Em São Gonçalo, no Rio, João Pedro Matos Pinto, de 14 anos, foi morto com um tiro na barriga durante uma operação conjunta da Polícia Federal e da Polícia Civil no Complexo do Salgueiro. Ele ficou desaparecido por horas e só foi encontrado quando seu corpo já estava no Instituto Médico Legal.

Se eu for citar todos os casos, esse texto vai ficar gigante. Fico imaginando e sonhando com um boicote liderado pelos jogadores de futebol brasileiros. Imagina só os atletas do Flamengo entocados no vestiário do Maracanã exigindo falar com o Secretário de Segurança do Rio. Ou os do Corinthians fazendo o mesmo em São Paulo.

Jogadores de futebol também fazem parte dessa mesma sociedade que permite que a população negra seja exterminada pela polícia, pelo tráfico e por todos os lados. Muitos saíram das favelas e conhecem histórias assombrosas de violência que ocorreram com amigos, parentes ou com eles mesmos antes da ascensão social propiciada pelo esporte. No Brasil, tivemos movimentos políticos como a Democracia Corintiana. E, no passado, times e jogadores lutaram para incluir atletas negros nas partidas.

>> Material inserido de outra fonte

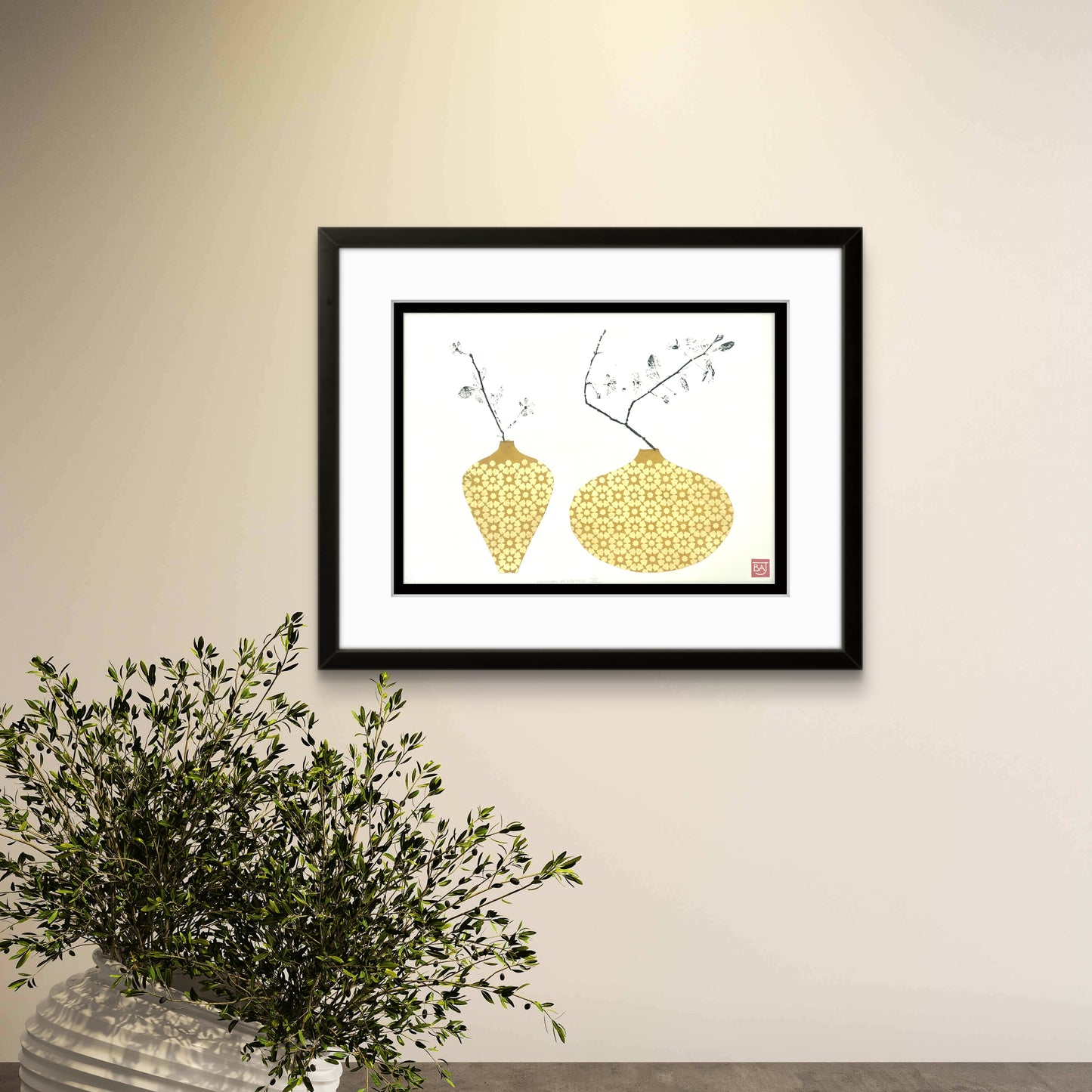 Donum A Patre III (framed)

Por isso, acredito que essa atitude que começou lá nos EUA possa se propagar como uma pandemia de consciência pelo mundo todo. E que pouse por aqui. Estamos precisando urgente dessa conscientização.

(*Thiago Varella é jornalista e coordenador de conteúdo da Rádio Brasil de Campinas)

Nota: Elias Aredes Junior, responsável por este Só Dérbi acredita que o racismo e o preconceito só vão acabar com a efetiva colaboração e conscientização da população branca. Um texto como este é de uma preciosidade que não há como medir. E sempre abriremos espaço quando for necessário.